§ **About this task**
In the copy, leave out the pictures and repeat all records exactly.

━━━━━ Records shown ━━━━━

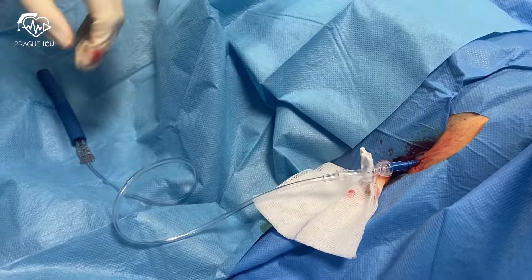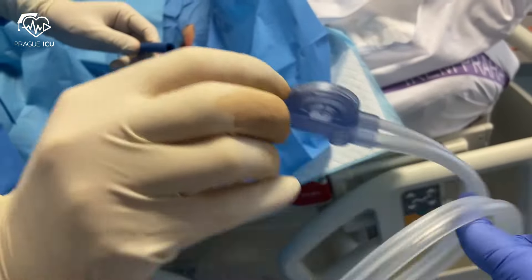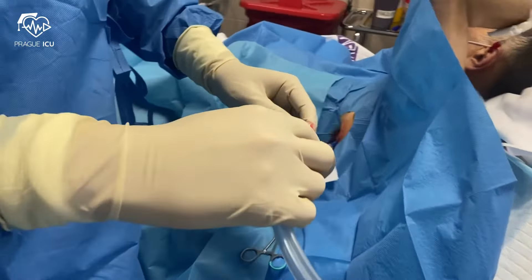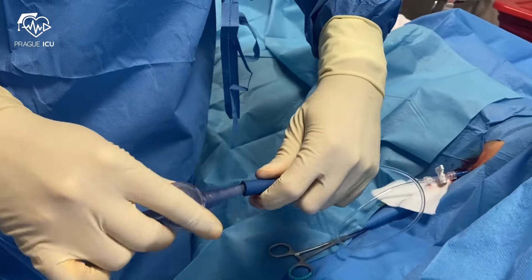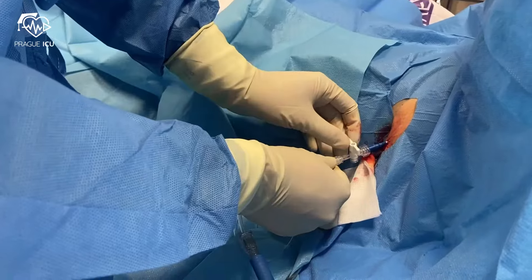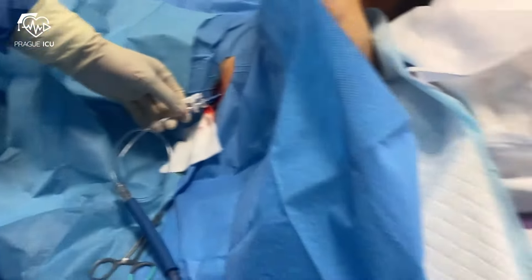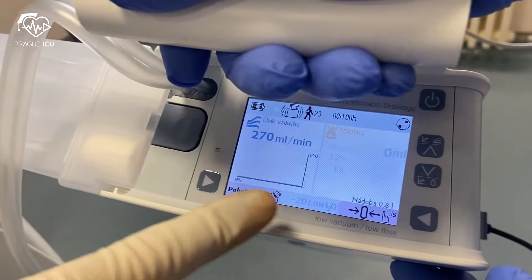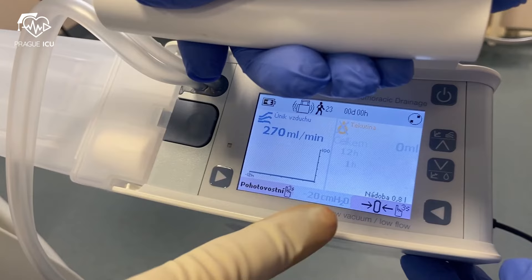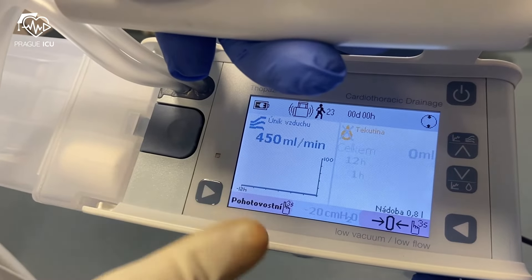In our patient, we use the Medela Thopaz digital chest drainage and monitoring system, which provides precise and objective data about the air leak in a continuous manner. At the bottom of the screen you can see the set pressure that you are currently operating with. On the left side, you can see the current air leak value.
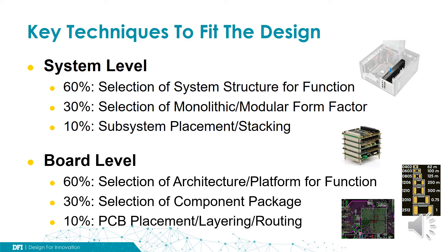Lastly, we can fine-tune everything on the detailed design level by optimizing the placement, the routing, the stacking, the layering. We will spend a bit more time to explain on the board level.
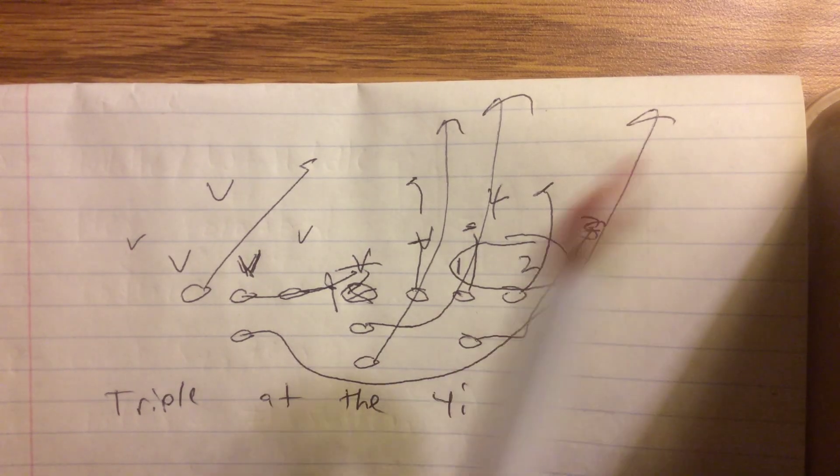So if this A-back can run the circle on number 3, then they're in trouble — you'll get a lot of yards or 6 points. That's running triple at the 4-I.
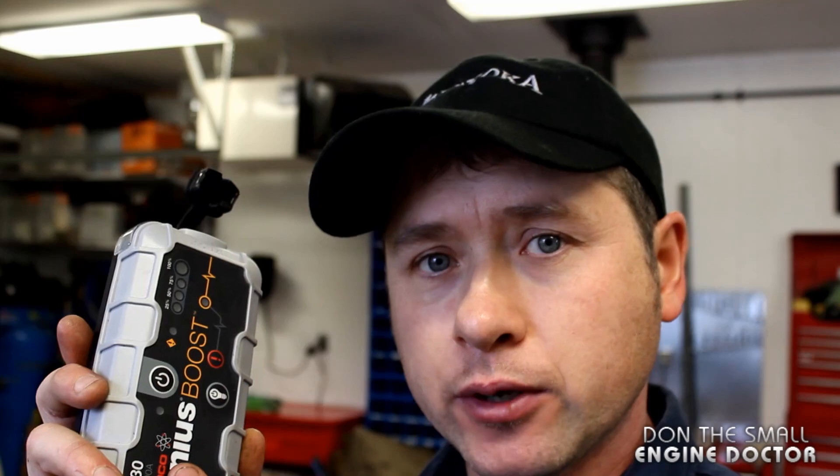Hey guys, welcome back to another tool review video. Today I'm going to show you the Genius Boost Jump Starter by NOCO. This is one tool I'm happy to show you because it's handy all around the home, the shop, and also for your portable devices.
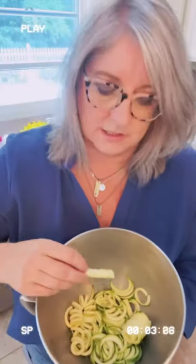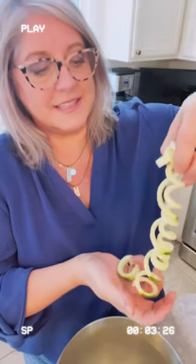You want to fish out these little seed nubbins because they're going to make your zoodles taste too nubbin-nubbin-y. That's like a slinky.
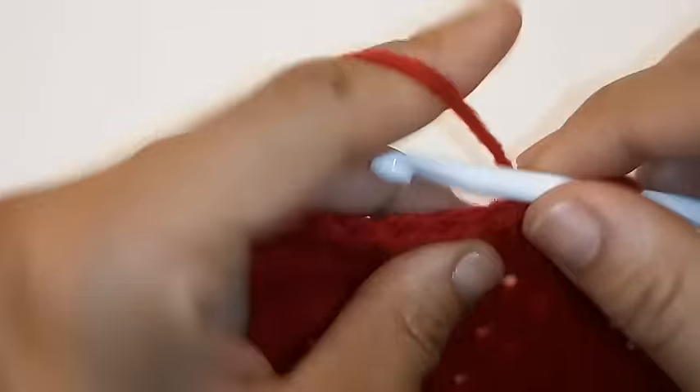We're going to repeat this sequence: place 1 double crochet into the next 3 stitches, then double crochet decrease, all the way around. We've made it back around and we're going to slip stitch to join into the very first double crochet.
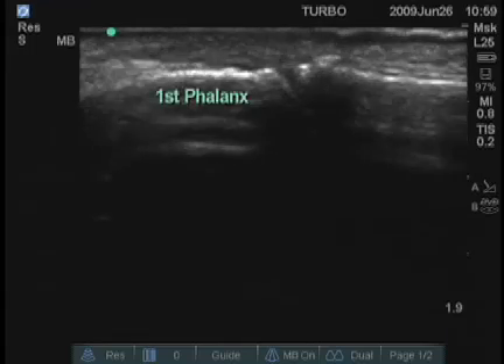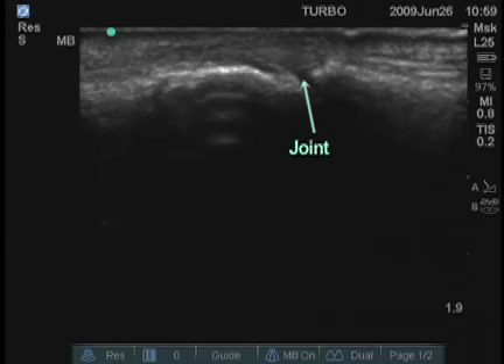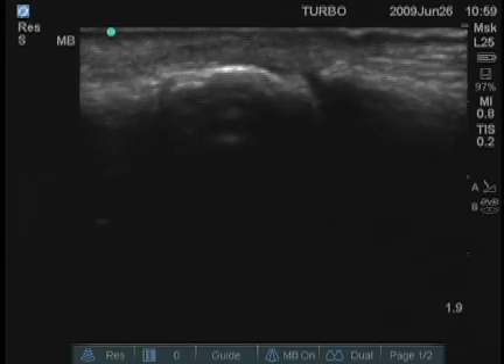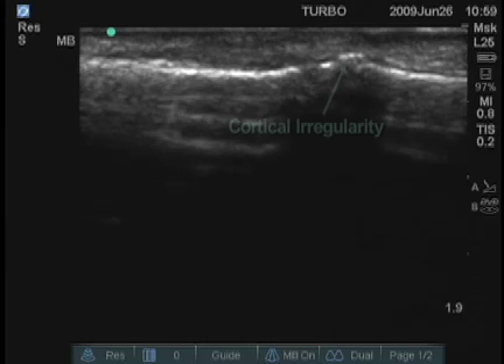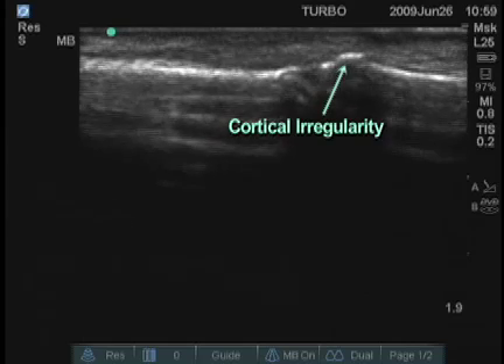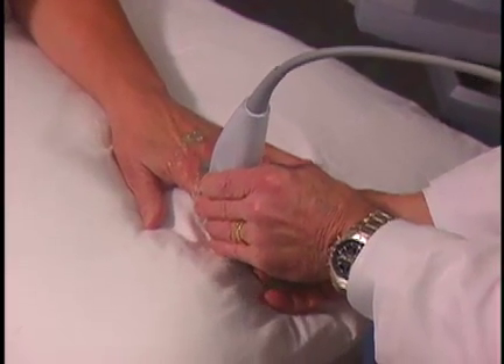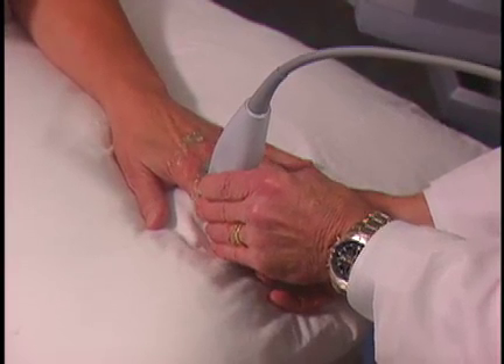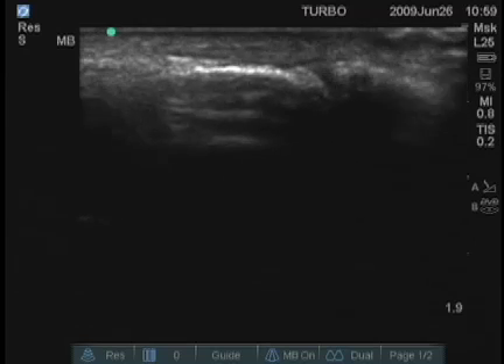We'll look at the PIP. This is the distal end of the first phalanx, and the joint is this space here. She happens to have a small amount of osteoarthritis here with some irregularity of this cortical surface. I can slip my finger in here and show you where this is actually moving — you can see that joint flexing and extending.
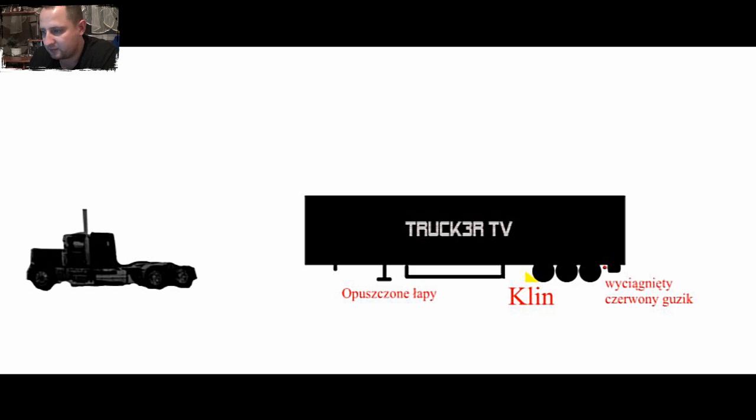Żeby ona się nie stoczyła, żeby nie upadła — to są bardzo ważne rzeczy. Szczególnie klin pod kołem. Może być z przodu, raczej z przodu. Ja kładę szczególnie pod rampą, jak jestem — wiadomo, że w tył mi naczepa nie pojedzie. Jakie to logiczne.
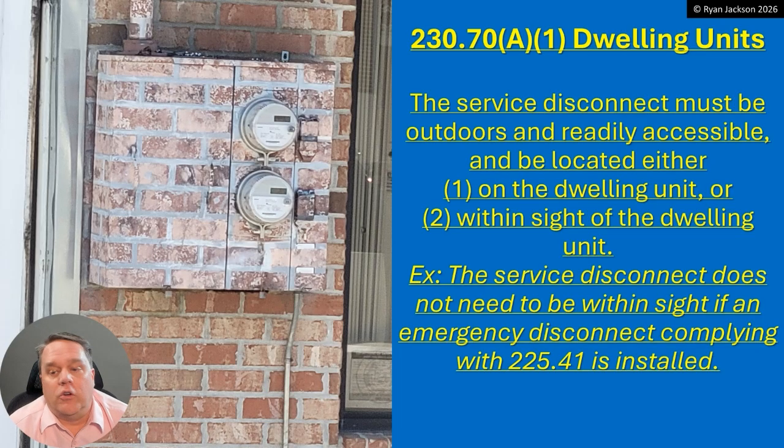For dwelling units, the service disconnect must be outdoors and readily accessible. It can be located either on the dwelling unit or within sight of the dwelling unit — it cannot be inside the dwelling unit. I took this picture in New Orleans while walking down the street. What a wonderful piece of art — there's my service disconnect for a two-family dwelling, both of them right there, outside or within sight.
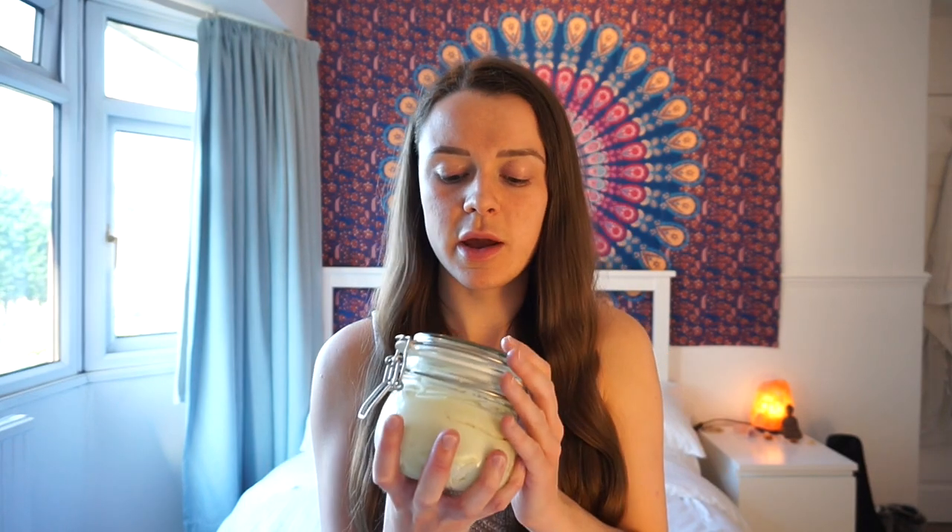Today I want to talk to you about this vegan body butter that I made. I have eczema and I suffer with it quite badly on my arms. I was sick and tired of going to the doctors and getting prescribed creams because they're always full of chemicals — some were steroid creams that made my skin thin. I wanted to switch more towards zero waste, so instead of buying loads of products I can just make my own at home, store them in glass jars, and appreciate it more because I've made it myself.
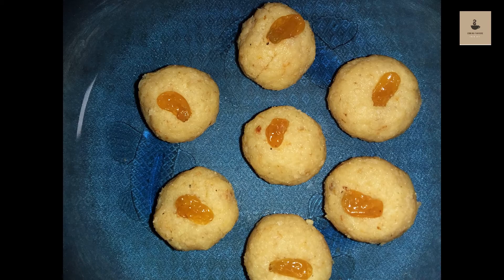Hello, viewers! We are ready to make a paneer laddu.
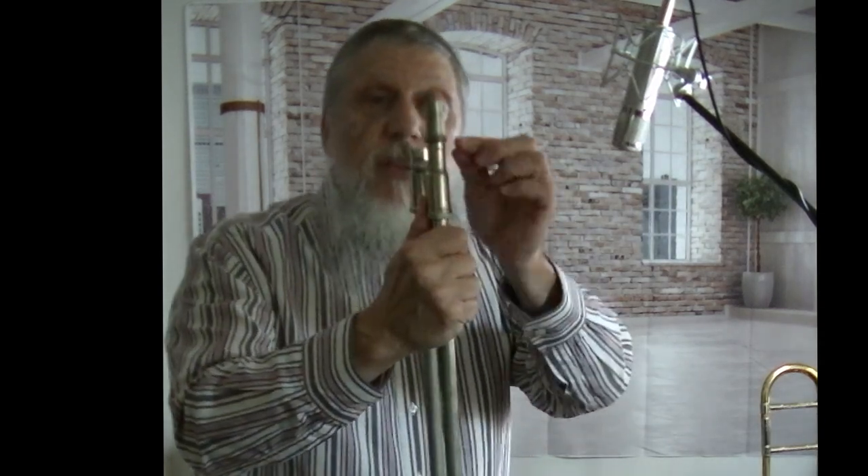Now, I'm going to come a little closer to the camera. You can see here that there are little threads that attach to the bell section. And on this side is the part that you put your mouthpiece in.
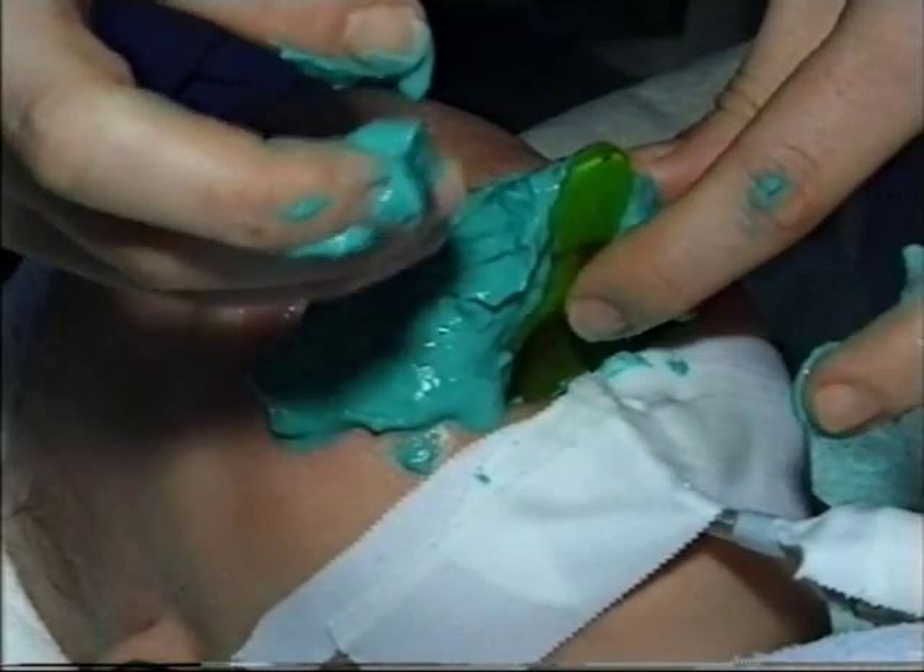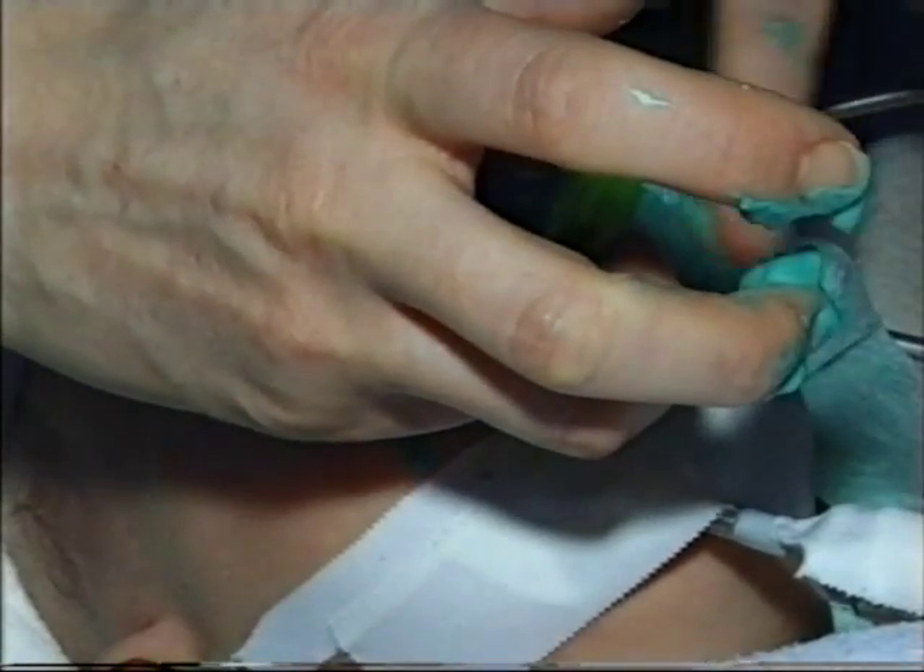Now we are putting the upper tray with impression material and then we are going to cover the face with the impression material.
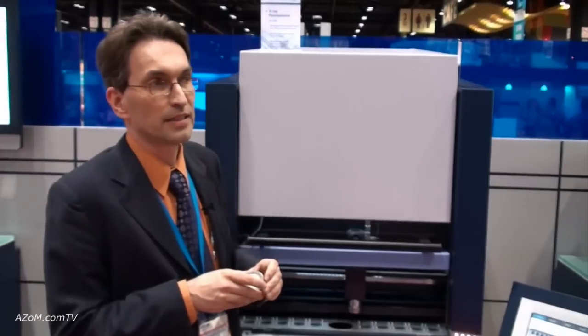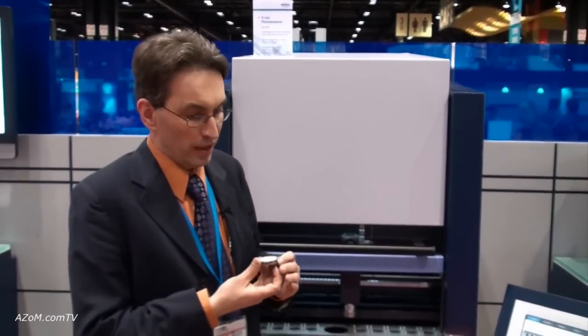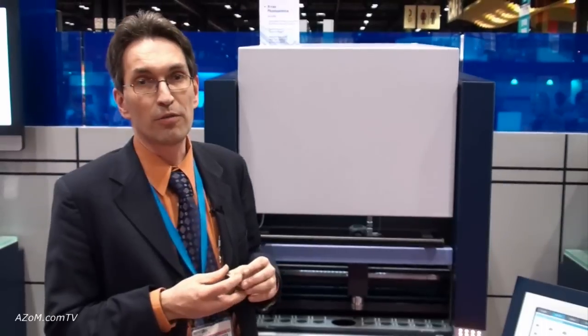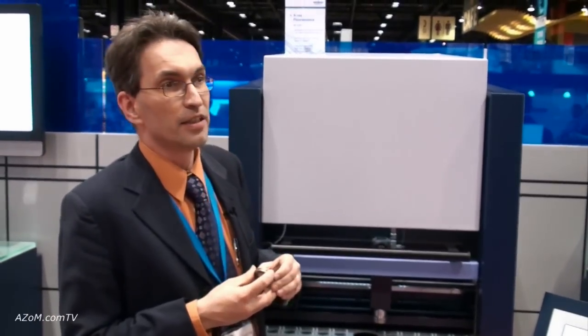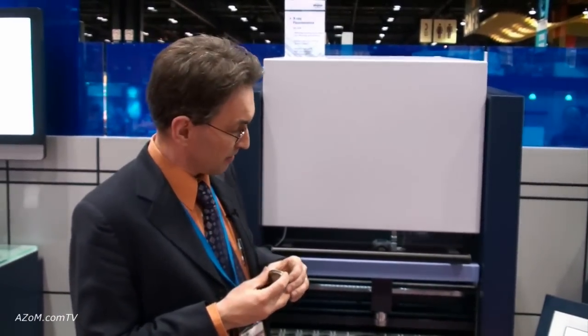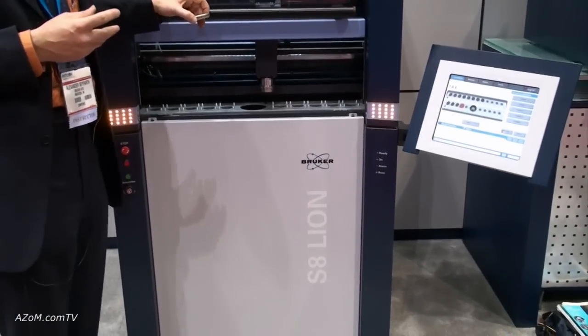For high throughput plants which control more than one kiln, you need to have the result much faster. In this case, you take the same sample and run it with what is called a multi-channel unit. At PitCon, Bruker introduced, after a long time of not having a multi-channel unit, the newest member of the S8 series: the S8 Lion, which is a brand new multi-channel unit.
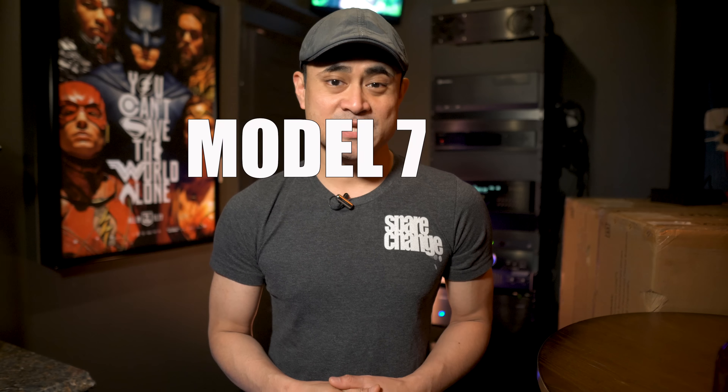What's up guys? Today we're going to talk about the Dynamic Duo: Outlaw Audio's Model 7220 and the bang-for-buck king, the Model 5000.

━━━━━

§ **Finished task**
In our patient, we use the Medela Thopaz digital chest drainage and monitoring system, which provides precise and objective data about the air leak in a continuous manner. At the bottom of the screen you can see the set pressure that you are currently operating with. On the left side, you can see the current air leak value.
Lastly, we can fine-tune everything on the detailed design level by optimizing the placement, the routing, the stacking, the layering. We will spend a bit more time to explain on the board level.
So if this A-back can run the circle on number 3, then they're in trouble — you'll get a lot of yards or 6 points. That's running triple at the 4-I.
Hey guys, welcome back to another tool review video. Today I'm going to show you the Genius Boost Jump Starter by NOCO. This is one tool I'm happy to show you because it's handy all around the home, the shop, and also for your portable devices.
You want to fish out these little seed nubbins because they're going to make your zoodles taste too nubbin-nubbin-y. That's like a slinky.
We're going to repeat this sequence: place 1 double crochet into the next 3 stitches, then double crochet decrease, all the way around. We've made it back around and we're going to slip stitch to join into the very first double crochet.
We'll look at the PIP. This is the distal end of the first phalanx, and the joint is this space here. She happens to have a small amount of osteoarthritis here with some irregularity of this cortical surface. I can slip my finger in here and show you where this is actually moving — you can see that joint flexing and extending.
Żeby ona się nie stoczyła, żeby nie upadła — to są bardzo ważne rzeczy. Szczególnie klin pod kołem. Może być z przodu, raczej z przodu. Ja kładę szczególnie pod rampą, jak jestem — wiadomo, że w tył mi naczepa nie pojedzie. Jakie to logiczne.
For dwelling units, the service disconnect must be outdoors and readily accessible. It can be located either on the dwelling unit or within sight of the dwelling unit — it cannot be inside the dwelling unit. I took this picture in New Orleans while walking down the street. What a wonderful piece of art — there's my service disconnect for a two-family dwelling, both of them right there, outside or within sight.
Today I want to talk to you about this vegan body butter that I made. I have eczema and I suffer with it quite badly on my arms. I was sick and tired of going to the doctors and getting prescribed creams because they're always full of chemicals — some were steroid creams that made my skin thin. I wanted to switch more towards zero waste, so instead of buying loads of products I can just make my own at home, store them in glass jars, and appreciate it more because I've made it myself.
Hello, viewers! We are ready to make a paneer laddu.
Now, I'm going to come a little closer to the camera. You can see here that there are little threads that attach to the bell section. And on this side is the part that you put your mouthpiece in.
Now we are putting the upper tray with impression material and then we are going to cover the face with the impression material.
For high throughput plants which control more than one kiln, you need to have the result much faster. In this case, you take the same sample and run it with what is called a multi-channel unit. At PitCon, Bruker introduced, after a long time of not having a multi-channel unit, the newest member of the S8 series: the S8 Lion, which is a brand new multi-channel unit.
What's up guys? Today we're going to talk about the Dynamic Duo: Outlaw Audio's Model 7220 and the bang-for-buck king, the Model 5000.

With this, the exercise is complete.